Here comes a poor mans approach.

1. add in the file gdb/main.c at line 661 the
    following code:

#if defined (POOR_MAN_DEBUG)
   printf_filtered ("[GDB PID %d]\n", getpid());
   t0 = time(NULL);
   while ((diff = difftime(time(NULL), t0)) <= 60);
#endif

and at line 43

#if defined (POOR_MAN_DEBUG)
   #include <sys/time.h>
   double diff;
   time_t t0 = time(NULL);
#endif


2. issue before the configure command:
    export CFLAGS="-g -O0 -DPOOR_MAN_DEBUG"
    export CXXFLAGS=$CFLAGS

3. configure and make your cross-686-pc-cygwin/arm-elf-gdb

4. start the cross-debugging session

5. now you have 60 seconds to attach your host-gdb
    to the just printed PID of your cross-gdb, and to
    set a reasonable breakpoint somewhere near to the
    location where you expect the crash to happen.

6. after 60 s the cross-gdb will continue running and
    your host-gdb shall stop the cross-gdb at the
    breakpoint that you set.

7. Now step through until the crash occurs.


Hopefully this helps.

Best regards

Rolf Jansen


Am 23.06.2008 um 23:31 schrieb Dmitry Smirnov:

> Hi,
>
> I've encountered the very annoying problem with GDB. While  
> debugging, it crashes for some reason and I cannot catch this  
> moment. I have a possibility to attach to the running process with  
> another GDB, but it does not help. Perhaps, there is some way to  
> catch some system exception or something similar?
>
> I'm using a litle bit complex setup, so there is no much freedom (at  
> least I cannot simplify the situation). First, I'm debugging from  
> Eclipse (and it looks this crash happens only while running from  
> Eclipse, I've tried from commad line - there is no crash). The  
> debugger I'm using is cross-compiled arm-elf-gdb. It is compiled on  
> windows (i686) platform:
> GNU gdb (GDB) 6.8.50.20080620
> ...
> This GDB was configured as "--host=i686-pc-cygwin --target=arm-elf".
>
> I doubt this can be linked to GDB version. I recall I've seen this  
> crash earlier with arm-elf-gdb 6.5 from GNUARM. I was just skipped  
> this crash somehow but now I cannot continue my job.
>
> This arm-elf-gdb is running against skyeye simulator as a remote  
> target.
>
> As you can see there are many possibilities for mailfunctioning  
> software (Eclipse, GDB, skyeye). But the only way I can find the  
> root cause is to debug the crash in arm-elf-gdb. While crashing it  
> attempts to create the crashdump file, but it is incomplete and  
> Cygwin gdb cannot recognize it. Typically it contains just three  
> lines:
>
> Stack trace:
> Frame     Function  Args
> 0022E268  7C802532  (00000058
>
> If attached, Cygwin GDB just reporting me:
> Program exited with code 037777777777.
>
> Is there any way to stop arm-elf-gdb on some critical error?
>
> Dmitry
>
>


^ permalink raw reply	[flat|nested] 30+ messages in thread

* Re: How to catch GDB crash
  2008-06-23 18:36     ` Pedro Alves
@ 2008-06-23 19:37       ` Brian Dessent
  0 siblings, 0 replies; 30+ messages in thread
From: Brian Dessent @ 2008-06-23 19:37 UTC (permalink / raw)
  To: Pedro Alves; +Cc: gdb, Eli Zaretskii, Michael Snyder, divis1969

Pedro Alves wrote:

> for native Windows apps, there is some registry key (I don't
> remember which) you can set to point to a JIT debugger.  Probably

For the sake of the archives it's HKLM\SOFTWARE\Microsoft\Windows
NT\CurrentVersion\AeDebug, see <http://support.microsoft.com/kb/103861>.

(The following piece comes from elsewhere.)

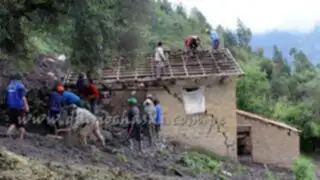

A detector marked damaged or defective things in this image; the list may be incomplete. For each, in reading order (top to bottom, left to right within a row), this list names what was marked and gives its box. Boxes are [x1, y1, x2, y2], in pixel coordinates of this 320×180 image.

damaged mud house [65, 48, 300, 169]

> a little exe wrapper is needed to translate the incoming args
> to GDB args, that's all.

The first %ld in the command expands to the faulting PID so
"path-to\gdb.exe -p %ld" ought to work without need for a wrapper.

> I can't see what changes in GDB
> would be required?

The main problem is that gdb thinks that it's attaching to a normal
running process, rather than a faulted app.  Thus the current thread is
an artificial one with %eip in ntdll!DbgUiConnectToDbg which is just a
convenient 'int3' that lives in ntdll.dll as discussed.  That's easily
fixed just by switching to the thread of interest, however the state of
that thread often looks something bogus like this:

(gdb) bt
#0  0x7c90eb94 in ntdll!LdrAccessResource ()
   from C:\WINXP\system32\ntdll.dll
#1  0x7c90e9ab in ntdll!ZwWaitForMultipleObjects ()
   from C:\WINXP\system32\ntdll.dll
#2  0x7c86372c in UnhandledExceptionFilter ()
   from C:\WINXP\system32\kernel32.dll
#3  0x00000002 in ?? ()
#4  0x0022f560 in ?? ()
#5  0x00000001 in ?? ()
#6  0x00000001 in ?? ()
#7  0x00000000 in ?? ()

The actual location of the fault in the user code is nowhere evident (in
this testcase, it was at eip 00401304) because gdb doesn't know that it
has picked up in the middle of a fault.  You can get things back on
track by re-triggering the same fault again by continuing, but this
really isn't pretty and doesn't always work.  For this to work correctly
gdb would need some command line switch to tell it that it's taking over
a faulted process as the JIT, rather than breaking in on a normally
executing one.

Brian

^ permalink raw reply	[flat|nested] 30+ messages in thread

* Re: How to catch GDB crash
  2008-06-23 18:23   ` Eli Zaretskii
  2008-06-23 18:32     ` Michael Snyder
@ 2008-06-23 18:36     ` Pedro Alves
  2008-06-23 19:37       ` Brian Dessent
  1 sibling, 1 reply; 30+ messages in thread
From: Pedro Alves @ 2008-06-23 18:36 UTC (permalink / raw)
  To: gdb, Eli Zaretskii; +Cc: Michael Snyder, divis1969

A Monday 23 June 2008 19:23:03, Eli Zaretskii wrote:
> > From: Michael Snyder <msnyder@specifix.com>
> > Cc: gdb@sourceware.org
> > Date: Mon, 23 Jun 2008 10:12:04 -0700
> >
> > You're running on a Windows host, right?  Doesn't Windows have
> > some mechanism for automatically catching a program that is
> > crashing, and holding it for the debugger?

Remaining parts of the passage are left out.